Zero Trust and SASE: the technical basis for modern compliance
It is against this backdrop that Zero Trust is no longer a trend but an architectural requirement. The principle is simple and straightforward: no user, device or network can be trusted by default.
Each access needs to be continuously authenticated, authorized, inspected and monitored.
Architecture SASE (Secure Access Service Edge) enables this approach by converging SD-WAN, security and access policies on a distributed and centrally governed platform. In practice, this makes it possible to apply policies based on identity, device, application and context, inspect traffic closer to the user (reducing backhaul), standardize controls between headquarters, branches, cloud and home office and, at the same time, improve performance and security consistency.
This path follows the direction of the market: according to Gartner, the SASE model has established itself as one of the most strategic architectures for companies that need to balance connectivity and security in distributed environments, especially in regulated sectors.
Observability: compliance only exists with technical evidence
Regulation requires proof, and proof requires reliable telemetry and correlation of events. Without observability, safety operates blindly.
With observability applied to the infrastructure, network and applications, it is possible to centralize relevant logs and events, correlate accesses, failures, changes and incidents, as well as measure essential indicators for governance, such as SLA, MTTR and incident recurrence.
This transforms auditing from a reactive and manual process into a continuous, automated and evidence-oriented capability, reducing response time and increasing operational predictability.
Operational resilience: the direct link between capital and risk
The new minimum capital requirements are not just financial. They reflect a clear understanding of the market: unavailability and incidents directly impact systemic risk.
From a technical point of view, this requires resilient architectures, immutable backups, recurring restore and disaster recovery tests, as well as clear RPO and RTO targets aligned with the business. Regulators don't want plans. They want evidence that the environment is back up and running within an acceptable timeframe, with tests and records that prove actual recovery capacity.
How Conversys addresses this scenario in practice
Conversys' technical approach combines security, connectivity, observability and operation in structured regulatory compliance projects.
Typical components of this type of project include:
- Zero Trust Architecture / SASE
- Secure SD-WAN for branch offices and distributed environments
- Network segmentation and protection of critical environments
- Observability
- Monitoring with operational KPIs and compliance reports
- Backup, restore and continuity with real tests
- Assisted operation and continuous governance
The result goes beyond “more security”. It delivers verifiable technical control, reduced operational risk, demonstrable compliance and greater efficiency with predictability.
2026 as a milestone of technological maturity
The new regulations are not just a legal obligation.
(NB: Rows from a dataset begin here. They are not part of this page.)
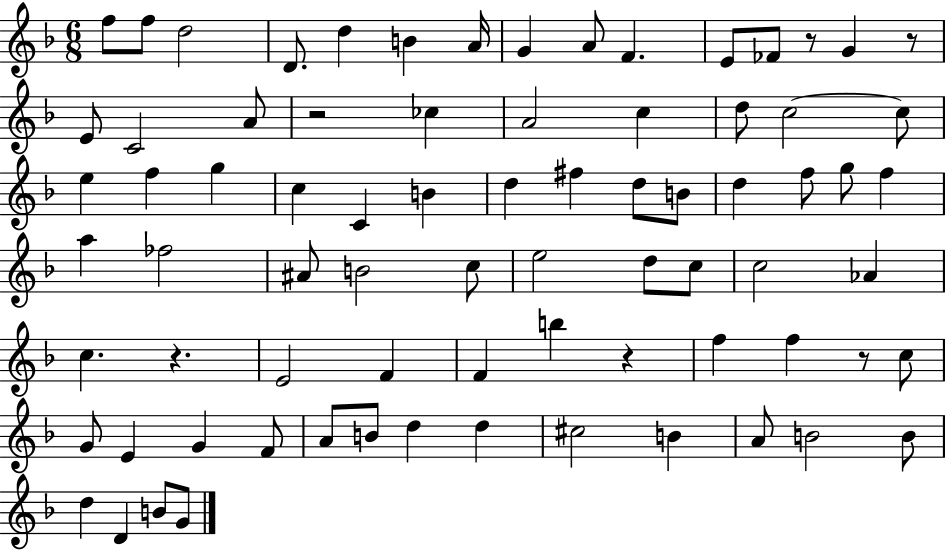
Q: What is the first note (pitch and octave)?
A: F5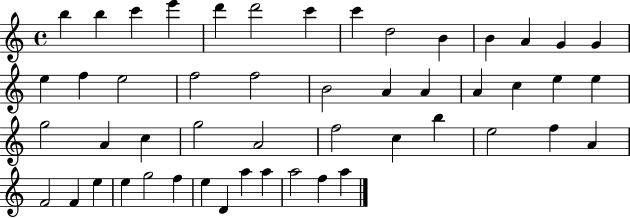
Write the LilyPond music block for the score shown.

{
  \clef treble
  \time 4/4
  \defaultTimeSignature
  \key c \major
  b''4 b''4 c'''4 e'''4 | d'''4 d'''2 c'''4 | c'''4 d''2 b'4 | b'4 a'4 g'4 g'4 | \break e''4 f''4 e''2 | f''2 f''2 | b'2 a'4 a'4 | a'4 c''4 e''4 e''4 | \break g''2 a'4 c''4 | g''2 a'2 | f''2 c''4 b''4 | e''2 f''4 a'4 | \break f'2 f'4 e''4 | e''4 g''2 f''4 | e''4 d'4 a''4 a''4 | a''2 f''4 a''4 | \break \bar "|."
}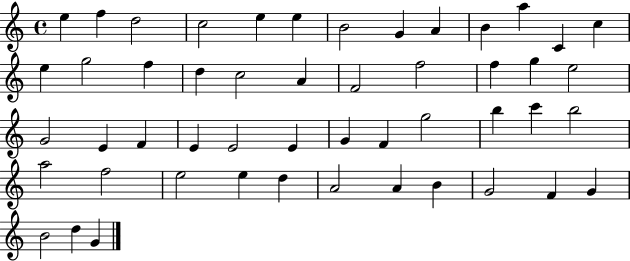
E5/q F5/q D5/h C5/h E5/q E5/q B4/h G4/q A4/q B4/q A5/q C4/q C5/q E5/q G5/h F5/q D5/q C5/h A4/q F4/h F5/h F5/q G5/q E5/h G4/h E4/q F4/q E4/q E4/h E4/q G4/q F4/q G5/h B5/q C6/q B5/h A5/h F5/h E5/h E5/q D5/q A4/h A4/q B4/q G4/h F4/q G4/q B4/h D5/q G4/q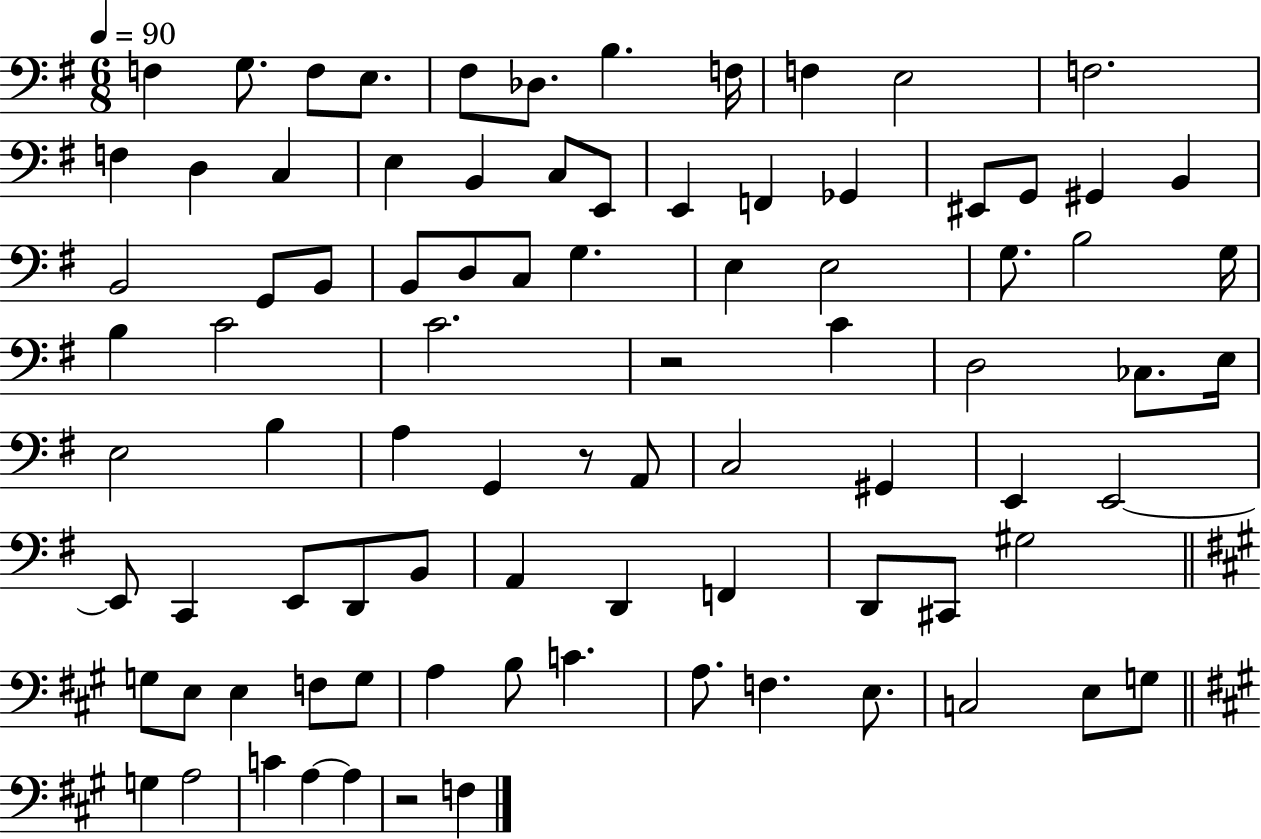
X:1
T:Untitled
M:6/8
L:1/4
K:G
F, G,/2 F,/2 E,/2 ^F,/2 _D,/2 B, F,/4 F, E,2 F,2 F, D, C, E, B,, C,/2 E,,/2 E,, F,, _G,, ^E,,/2 G,,/2 ^G,, B,, B,,2 G,,/2 B,,/2 B,,/2 D,/2 C,/2 G, E, E,2 G,/2 B,2 G,/4 B, C2 C2 z2 C D,2 _C,/2 E,/4 E,2 B, A, G,, z/2 A,,/2 C,2 ^G,, E,, E,,2 E,,/2 C,, E,,/2 D,,/2 B,,/2 A,, D,, F,, D,,/2 ^C,,/2 ^G,2 G,/2 E,/2 E, F,/2 G,/2 A, B,/2 C A,/2 F, E,/2 C,2 E,/2 G,/2 G, A,2 C A, A, z2 F,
They force the financial market to take a leap in maturity.
Institutions that treat compliance as an architecture rather than a document will be better prepared to grow, innovate and sustain trust in a scenario where security, auditing and continuity become part of core business.
At Conversys, we help customers transform regulatory requirements into secure, observable and resilient architectures, ready for audits, growth and critical operation.